Certificato di agibilità e regola tecnica di edificazione proporzionata al rischio sismico di zona: i contatti

Tar Calabria: il certificato di agibilità di un immobile adibito, lungi dall’essere subordinato all’accertamento dei soli requisiti igienico-sanitari, presuppone la conformità urbanistica ed edilizia dell’opera

Certificato di abilità: i presupposti per il rilascio

L'inosservanza della regola tecnica di edificazione proporzionata al rischio sismico di zona, anche ove quest'ultimo si attesti su percentuali basse di verificabilità, integra pur sempre la violazione di una norma di aggravamento del pericolo: in tal caso, è assolutamente corretta la scelta di annullare il certificato di agibilità, il quale, lungi dall'essere subordinato all’accertamento dei soli requisiti igienico-sanitari, presuppone altresì la conformità urbanistica ed edilizia dell'opera.

Le importanti conclusioni sono contenute nella recente sentenza n.1605/2018 del Tar Calabria, che ha respinto il ricorso di una società coooperativa contro l’annullamento, per violazione di legge ed eccesso di potere, del provvedimento comunale con il quale è stato annullato in autotutela il certificato di agibilità di un immobile, nonché di tutti gli atti presupposti, preparatori, connessi e consequenziali e, in particolare, dell’ordinanza di sgombero emessa dalla commissione straordinaria dello stesso Comune.

Certificato di agibilità: se non c'è sicurezza della struttura va annullato

Con convenzione del 5 maggio 2009, la cooperativa ricorrente aveva ottenuto in concessione dal comune un immobile, munito di certificato di agibilità, per adibirlo a scuola materna. Nel prosieguo, tuttavia, il Comune aveva incaricato un professionista privato di verificare la vulnerabilità sismica della struttura e questi, eseguiti gli accertamenti tecnici, ha dedotto che "i risultati sono tali da prefigurare un eventuale collasso strutturale in caso di evento sismico, atteso che il valore dell’indice di rischio derivante dallo studio di vulnerabilità sismica della struttura portante è pari ad 0,146, nettamente inferiore alla soglia minima di sicurezza".

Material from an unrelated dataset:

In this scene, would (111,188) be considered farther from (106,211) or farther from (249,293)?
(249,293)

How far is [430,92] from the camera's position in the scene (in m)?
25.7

Il comune ha quindi dapprima provveduto ad annullare il certificato di agibilità e, di seguito, ad ordinare lo sgombero della struttura, adibita ad asilo nido, curando comunque di offrire alla cooperativa un’altra struttura, al fine di proseguire con l’anno scolastico in corso.

Il modus operandi del comune, per i giudici amministrativi, è assolutamente legittimo, poiché nella fattispecie va considerato non solo il valore dell’indice di rischio, che è pari a 0,146, ma anche che l'immobile è utilizzato come asilo nido. Si configura, quindi, l'inosservanza della regola tecnica di edificazione proporzionata al rischio sismico di zona.

Ne deriva, quindi, il divieto di utilizzo del manufatto, attuato attraverso l'ordine di sgombero, che costituisce un atto dovuto, allorquando la costruzione manca dei requisiti di sicurezza per l’incolumità pubblica.